Il en appelle à un dialogue très spécifique avec les musulmans « pour leur dire avec franchise quelles sont nos peurs, la séparation de la religion et de l'Etat, l'arabité, la démocratie, nation arabe ou nation musulmane, droits de l'homme et lois qui proposent l'islam comme seule ou principale source des législations qui sont un obstacle à l'égalité de ces mêmes citoyens devant la loi ».
Il évoque les « partis fondamentalistes, l'intégrisme islamique, auxquels sont attribués des actes, de terrorisme, de meurtre, des incendies d'églises, des extorsions, au nom de la religion et qui, forts du fait majoritaire, humilient leurs voisins ».
Pour conclure que « le grand défi » c'est la paix, le « grand bien », la « vraie victoire » et la « vraie garantie pour l'avenir de la liberté, de la prospérité et de la sécurité pour nos jeunes, chrétiens et musulmans, qui sont l'avenir de nos Patries. »
Des timidités raisonnées
D'autres interventions sont sotto tono, essayant de ne pas aggraver par une parole la situation des fidèles qui sont confiés à leurs soins pastoraux. Un journaliste libanais n'a pas hésité à dire que certains pasteurs craignent que dans la salle même se trouvent des personnes mandatées pour répéter leurs prises de position.

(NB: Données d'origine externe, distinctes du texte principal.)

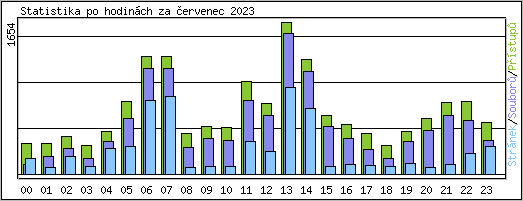 Statistika po hodinch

Même s'il reconnaît que la convocation du synode à Rome, au Vatican, permet une liberté impensable si les débats avaient eu lieu au Moyen-Orient. Comme le patriarche copte Naguib l'a souligné lors de la conférence de presse de lundi dernier, après son rapport qui sert de fond aux débats du synode, les catholiques en Egypte sont une minorité dans la minorité chrétienne. C'est le cas de la plupart des catholiques du Moyen-Orient.
Différentes interventions ont souligné que la liberté de conscience et donc la liberté de parole est une notion difficile en milieu musulman, tout comme la notion de laïcité : on craint que cela signifie l'exclusion de Dieu du paysage social et politique. Pour la même raison, le terme « laïcité positive » est rejeté par la plupart. Il vaut mieux, estiment les pères du synode employer le terme d'« Etat civique » qui est employé sans problème, et signifie la séparation de l'Etat et de la religion, sans pour cela « exclure » aucune religion du dialogue avec les autorités.
D'autres interventions, posées, n'en sont pas moins très libres, et certainement les plus libres, et ce sont celles de représentants de la curie romaine, qui parlent sans complexe, sans langue de bois, au nom du bien des catholiques représentés au synode, mais aussi de toutes ces populations qui souffrent ou de la violence, ou de situations économiques difficiles.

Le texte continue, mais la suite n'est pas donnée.